這部講述14世紀穆斯林國王Alauddin Khilji和印度教王后Padmaavati故事的電影,自寶萊塢投拍以來,在印度國內就爭議不斷,甚至在印度多地引發了暴力行為,但這部電影是寶萊塢女性的一個里程碑:該片是寶萊塢史上最昂貴的女主電影(制作成本為2620萬美元),它在票房上取得了巨大的成功(票房收入為6670萬美元),并將帕度柯妮推上了世界上很少有女性屬于的超級明星行列,她去年成為戛納電影節八人評審團的一員。
女性主義、更多的女性幕后工作者的出現以及流媒體平臺的興起,已經開始改變印度電影業。長期以來,寶萊塢電影將女性描繪成單向度的角色,女演員總是屈居于男明星之下,給她們的報酬只是一小部分,并且絕大多數女演員只能演到30歲就不再有更好的職業發展機會。
但是,正如好萊塢正在努力解決幾十年來根深蒂固的性別歧視問題一樣,寶萊塢的革命也在逐漸成熟。《日經亞洲》的數據分析顯示,由女性主演的電影呈上升趨勢。
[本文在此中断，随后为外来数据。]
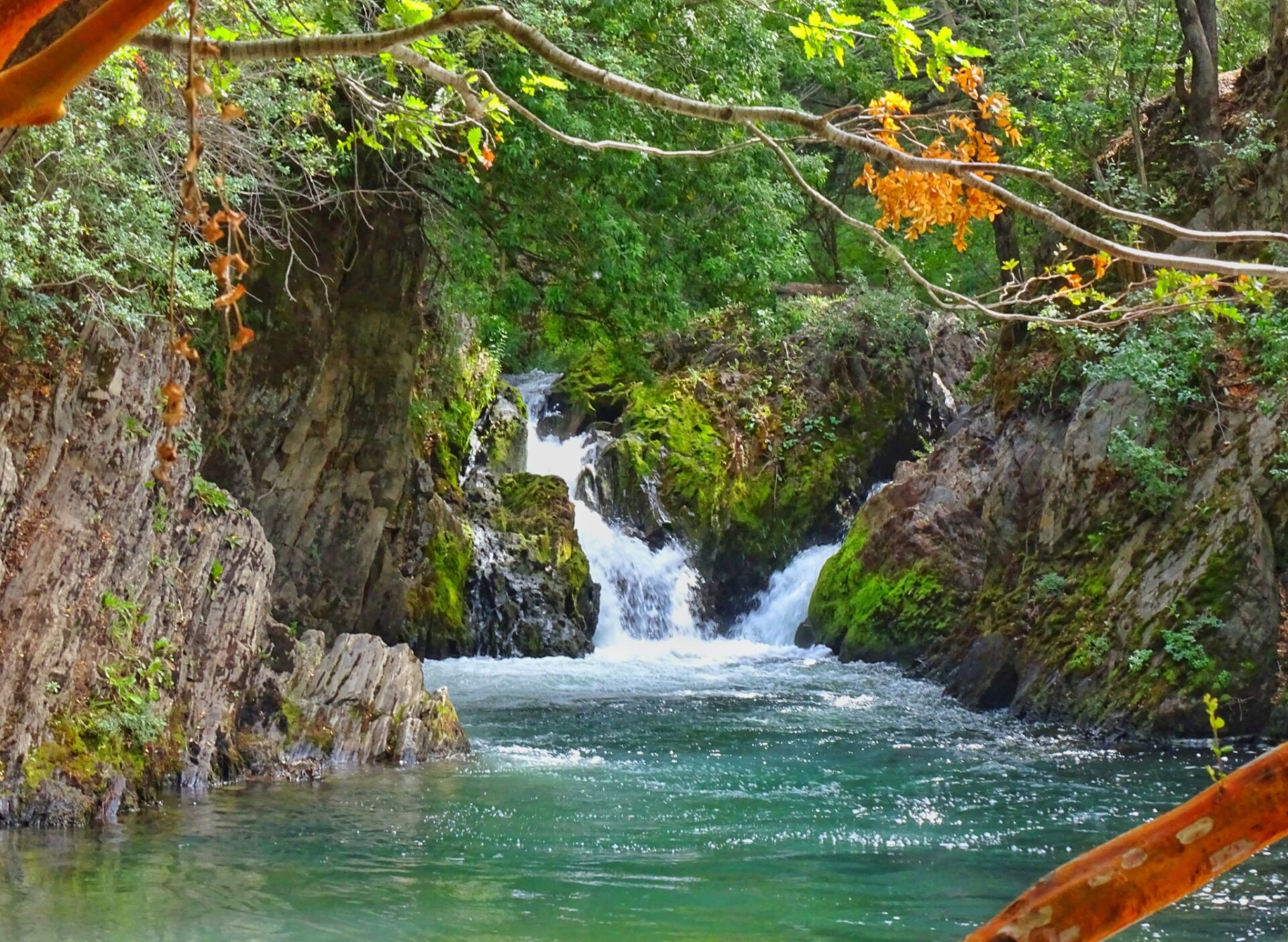 Waterfall flowing through a rocky forest gorge in Puerto Río Tranquilo.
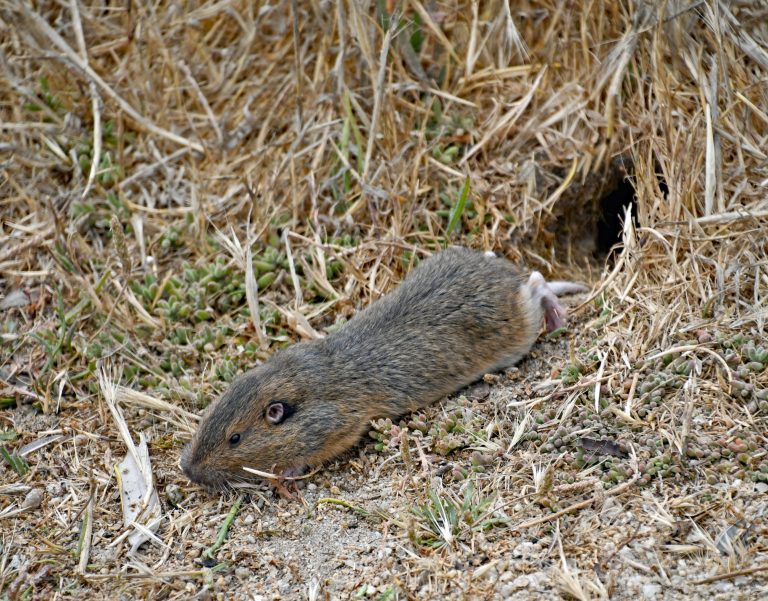 Rodent Control Costs Could Climb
此類電影如今占四分之一,高于 2000 年代初的十分之一,流媒體服務加速了這一趨勢。

2000年至2022年間,由女性主演的寶萊塢電影呈上升趨勢。圖表源自《日經亞洲》
寶萊塢女性幕后人員增多
2018 年,在《名利場》雜志的國際女性影響力報告中,奧斯卡獲獎制片人古內特·蒙加(Guneet Monga)是“50位娛樂行業女性名單”中僅有的兩名印度人之一。另一個是前文提到的帕度柯妮。蒙加在國際電影界有著令人難以置信的人脈,白天她在奧斯卡午餐會上與史蒂文·斯皮爾伯格等大人物打交道,晚上則在孟買工作。
根據Ormax Media and Film Companion 的一份報告,基于對 2021 年以不同語言抽樣的150部印度電影和連續劇的分析發現,女性僅占編劇的12%、編輯的8%、導演的4%和電影攝影師的3%。《日經亞洲》對最賣座的印地語故事片的分析顯示,在過去二十年中,女性導演僅占8%。
蒙加是一個自食其力的人,23歲時用從鄰居那里借來的錢制作了她的第一部電影,她把增加寶萊塢的女性人數,特別是幕后人員,作為自己的使命。她正在通過自己的工作室Sikhya Entertainment和新成立的“印度女性崛起組織”來實現這一目標,該組織旨在發現和培養印度女性電影人才。
“這不一定是女性主導的電影,而是女性把自己的視角(帶到作品中)。我想制作陽光下的一切。我不想被束縛在女性的故事里,”蒙加稱,“即使你非常喜歡男性主導的大片,我認為女性在熒幕上的每一個角色如何體現也是非常重要的。”
“是預算決定了一部電影的成敗。因此,正確地使用金錢的語言是很重要的。建立可行的商業計劃,無論是以男性為中心還是以女性為中心的電影,”蒙加說,“我的整個職業生涯都是預算較低的獨立電影,有很好的ROI(投資回報率)”。
《日經亞洲》的分析顯示,在過去二十年里,寶萊塢女性主演的電影每年獲得的資本都不到總資本的五分之一。
盡管缺乏資源,但這些電影的表現至少與男性主導的電影一樣好,甚至比它們更好。大約77%的女性主導的電影是盈利的,而其他電影的盈利率為72%。平均而言,女性主導的電影的投資回報率(每花費一美元/盧比所產生的每一美元/盧比)更高。她們的回報率是投資的1.89倍,而其他電影的投資回報率為1.75。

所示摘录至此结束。